Quite a statement from someone with an insanely high (higher than Albert Einstein's) IQ. Here are some other memorable quotes:
On rumors that his drunk antics were behind her firing from The Caller:
"Every story needs a villain, and everyone has decided it is me," Monjack says. "The reports about the Puerto Rican set are fantasy. I was never, ever drunk there. What I did do was demand they follow union rules and after she had worked 12-hour days, six days a week, that she get the breaks she was entitled to. I was 'difficult' because I was the enforcer to protect Brittany. She was far too nice to stand up to directors and producers who wanted her to work to exhaustion."
On why Hollywood can't stand Simon Monjack:
Sharon Murphy, Brittany's mother, visited the Puerto Rican set frequently. "Simon protected Brittany," she says. "That is the role he assumed after they married and it's why a lot of people in Hollywood can't stand him."
On finding Brittany unconscious in their bathroom:
"I came running in.
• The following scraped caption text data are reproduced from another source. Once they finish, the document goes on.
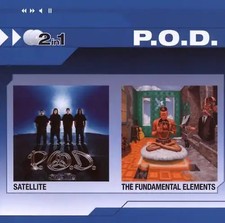 P.O.d. - Satellite/the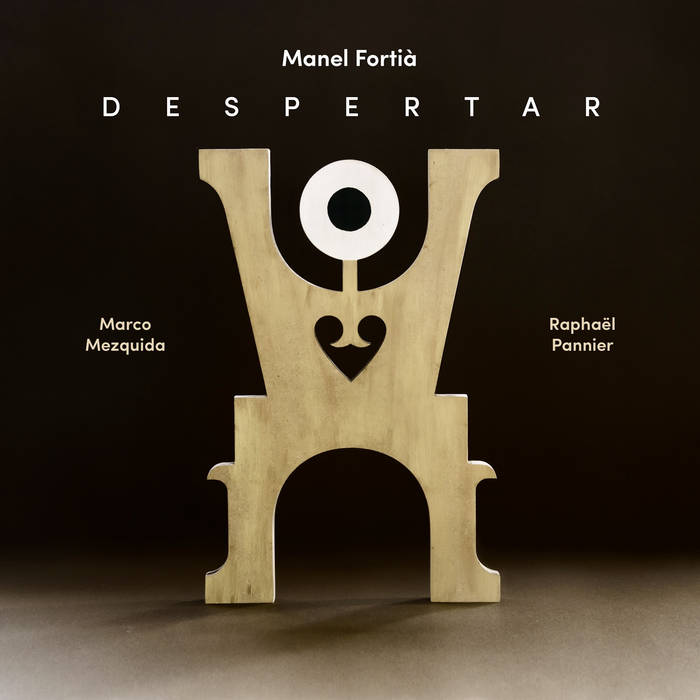 MANEL FORTIÀ - Despertar cover 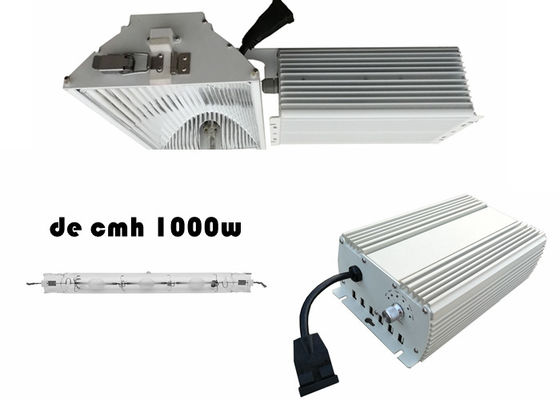 1000W 115lm / W นำพืชเติบโตไฟเซรามิกเมทัลฮาไลด์ 6.7kg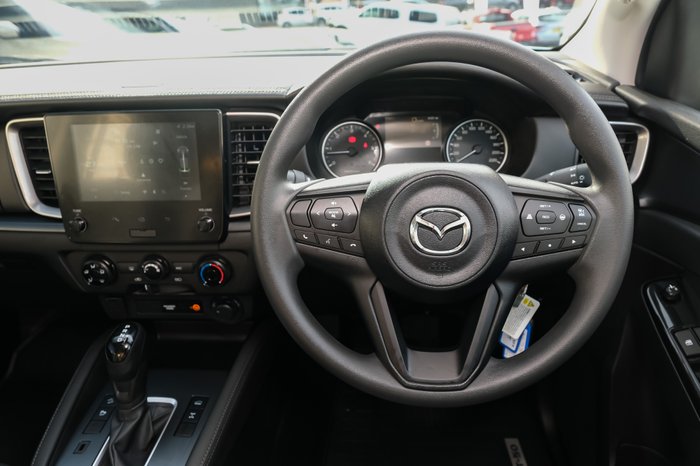 2025 Mazda BT-50 XT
I immediately started doing CPR." Sharon remembers that the 5'3" Murphy, at barely over 100 pounds, seemed so very tiny as her 6'2", 235-pound husband worked on her. "I felt a tiny heart beat," Monjack told me, his voice cracking over the phone. "I was pushing with the heel of my hand. And every second I pushed, I felt my hand become stronger and her heart weaker. And then it stopped. And I kept pushing. She died in my arms. I knew she was dead."
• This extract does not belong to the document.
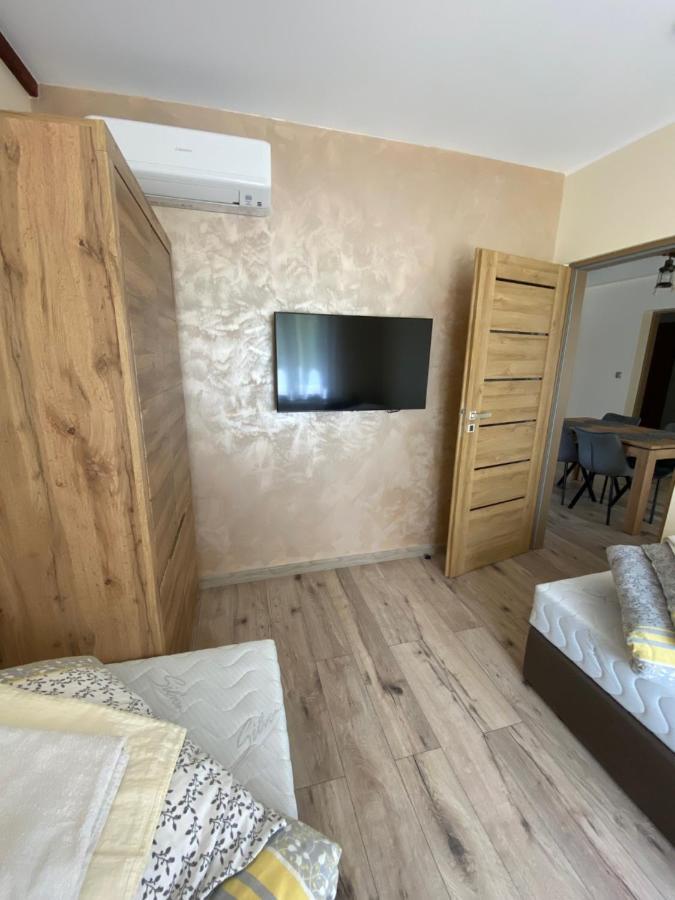 Osrodek Wypoczynkowy Wratislavia Hotel Radzyń Buitenkant foto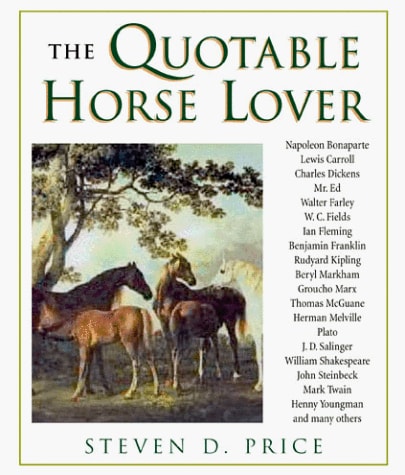The Quotable Horse Lover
On his request to not have an autopsy:
"It was nothing sinister at all. I just looked at Sharon's grieving face, and there was no way either of us wanted them to cut open this perfect 32-year-old girl. It wasn't about hiding anything; it was just the horror of thinking of what they would do to her body."
On accusations that he was a male gold-digger:
"I spent over a million on her engagement rings," he told me. "And probably $3 million on clothes."
"$3.5 million," interrupts Sharon, standing nearby and listening to the conversation.
"When Brittany died, she had 60 pieces of unworn Louis Vuitton. The dog had Louis Vuitton. This was all me. We kept our money separate. When I took Brittany out shopping, I paid for everything." Their sprawling, multimillion dollar home, where they lived together with Sharon, was his.